I’m building a city environment and would like to make as many LODs for everything as possible.
I’m assuming this will create hundreds of draw calls. If the city was one mesh it would only make one draw call.
Would too many LODs be counterproductive?
I’ll need to find an LOD script and haven’t tried it yet. I’m making a low poly and high poly mesh for every asset but I’m wondering if it’s necessary.
No. I presume you have lights in your scene? Your mesh would draw once plus one time per light that hits it. If you have one giant mesh, the ENTIRE thing will have to be redrawn many times per scene (I presume for a city, you will need quite a lot of lights). Your framerate will end up at 0. You will be sending millions of vertices to the card every frame.
Compare versus breaking up the mesh into smaller meshes. Each mesh will have to be drawn once plus one time per light that hits it. But the good thing is, since it is only a small mesh, you won’t have so many lights hitting it. So it will only be drawn a few times per frame. Plus, with this method, you can not draw large parts of the city that are out of view (occlusion culling) or outside the view frustum (frustum culling). If you have just one mesh for your city, the entire city has to be drawn, even the parts you cannot see.

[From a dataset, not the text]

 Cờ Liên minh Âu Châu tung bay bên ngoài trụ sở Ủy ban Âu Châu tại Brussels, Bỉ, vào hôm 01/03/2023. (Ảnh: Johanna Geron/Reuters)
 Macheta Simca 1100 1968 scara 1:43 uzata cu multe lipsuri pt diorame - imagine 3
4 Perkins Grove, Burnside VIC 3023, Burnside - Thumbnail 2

And it has to be redrawn for each and every light that hits it, even those way across the map. You don’t want to do that.
While it is true, you want to reduce your draw calls as much as possible, and one way to do that is to combine meshes, you don’t want to go overboard with that idea. Only combine meshes that are close enough that it is likely the player will always be seeing them together. If you combine meshes where the player can see one part of it but not another, those whole thing still has to be drawn.

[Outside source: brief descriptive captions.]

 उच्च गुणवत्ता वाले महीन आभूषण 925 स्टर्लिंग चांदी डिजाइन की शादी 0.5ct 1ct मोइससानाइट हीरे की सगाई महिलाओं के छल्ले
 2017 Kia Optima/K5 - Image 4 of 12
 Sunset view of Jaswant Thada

A better way to reduce draw calls is to use a texture atlas and use the same material on as many things as you can. This will allow Unity to batch those items together into a single draw call. Batching is your friend.
In my opinion, no. When I was part way into my level, I started hitting framerates around 20 or so (and that’s without dressing the level at all, that was only environmental models). I started putting LODs on everything (three or four of them, in some cases), set up a texture atlas for better batching, and put a script on my lights to reduce their range based on distance from camera. With those improvements, I jumped my framerate into the 100’s. Each of those improvements had about an equal effect (roughly). So yeah, using LOD has quite a lot of performance impact. At least in my case.
Unless memory is some sort of concern (developing for mobile?), I don’t see a downside for using LODs.